The rationale behind this standard is discussed on page 78 of the Standards Relating to The Prosecution Function:

'Prospective witnesses are not partisans; they should be regarded as impartial spokesmen for the facts as they see them. Because witnesses do not 'belong' to either party, it is improper for a prosecutor, defense counsel, or anyone acting for either to suggest to a witness that he not submit to an interview by opposing counsel. It is not only proper but it may be the duty of the prosecutor and defense counsel to interview any person who may be called as a witness in the case (except that the prosecutor is not entitled to interview a defendant represented by counsel). In the event a witness asks the prosecutor or defense counsel or a member of their staffs whether it is proper for the witness to submit to an interview by opposing counsel or whether he is under a duty to do so, the witness should be informed that, although he is not under a legal duty to submit to an interview, it is proper and may be the duty of both counsel to interview all persons who may be witnesses and that it is in the interest of justice that the witness make himself available for interview by counsel.

'Counsel may properly request an opportunity to be present at opposing counsel's interview of a witness, but he may not make his presence a condition of the interview.'

Based upon our holding in Watkins, we conclude that Standard 3.1(c) properly reflects Wisconsin law, and we adopt that standard as a guide to future conduct by prosecutors. 1 Nevertheless, while defendant herein asserts a proper rule of law, the evidence falls short of showing a constitutional deprivation and is not persuasive in convincing us that the trial judge abused his discretion when he failed to grant a new trial on the basis of this evidence. The affidavit is completely hearsay and was not underpinned by any evidence adduced at the hearing on the motion or by any other affidavits. Further evidence, if available, should have been submitted at the hearing on the motion.

Neither the victim nor her mother testified or signed an affidavit to show that they had received the alleged instructions from the assistant district attorney, nor was the prosecutor called either to affirm or to deny that he had given such instructions. The defendant relies upon Gregory v. United States, supra, but there the prosecutor appeared in court and admitted that he had given the instructions to the witnesses. Moreover, given a literal interpretation, the affidavit does not show a complete denial of access to the prosecution witnesses. Rather, it indicates that the witnesses were asked not to testify out of the presence of the prosecutor. It would not have been improper for the prosecutor to ask to be present, although he could not insist on that condition. Standards (Commentary), supra, p. 78. The showing made in the trial court was insufficient to indicate that the defendant had been denied his constitutional rights to access to prosecution witnesses. The trial judge did not abuse his discretion in denying a new trial on this ground.

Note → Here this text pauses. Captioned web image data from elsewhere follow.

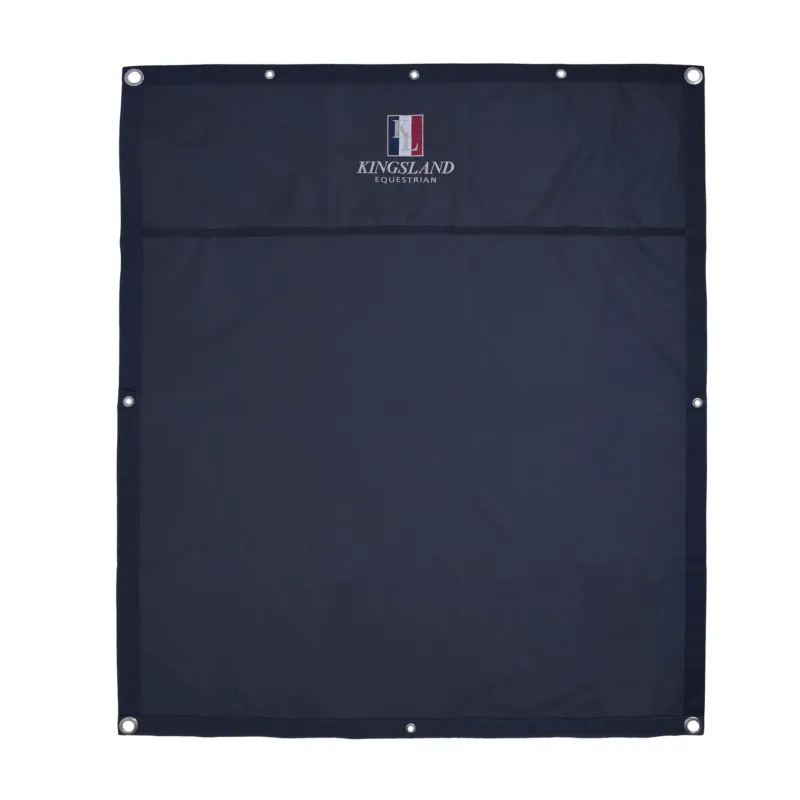 Certifi Horsegear Accessories Kingsland Classic Stable Curtain - Navy / ONE SIZE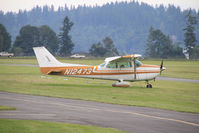 N12473 @ S43 - N12473 Cessna 172 at Harvey Field, WA - by Pete Hughes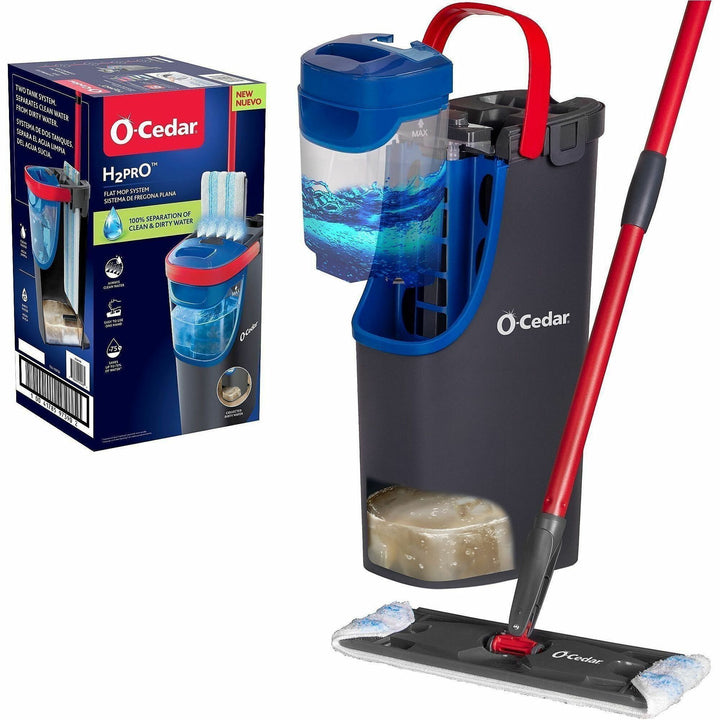 Image of O-Cedar 175765 H2prO Flat Mop System, 1 Each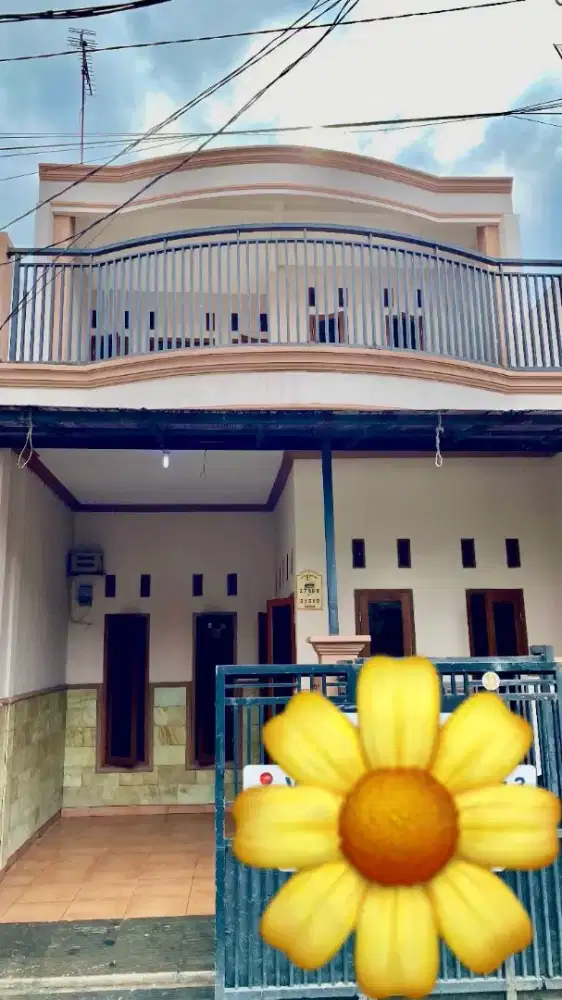 Dijual rumah di villa mutiara gading 3 Bekas ( susanti)i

Additionally, in the motion for a new trial, the defendant claims his court-appointed counsel was ineffective because he failed to raise certain objections to evidence and to other alleged constitutional deprivations. This court has repeatedly stated it will find trial counsel ineffective only when it is shown that the representation was so inadequate and of such low competence that it amounted to no representation at all and reduced the trial to a sham and a mockery of justice. Swonger v. State (1972), 54 Wis.2d 468, 474, 195 N.W.2d 598; Quinn v. State (1972), 53 Wis.2d 821, 825, 193 N.W.2d 665; Milburn v. State (1971), 50 Wis.2d 53, 65, 183 N.W.2d 70.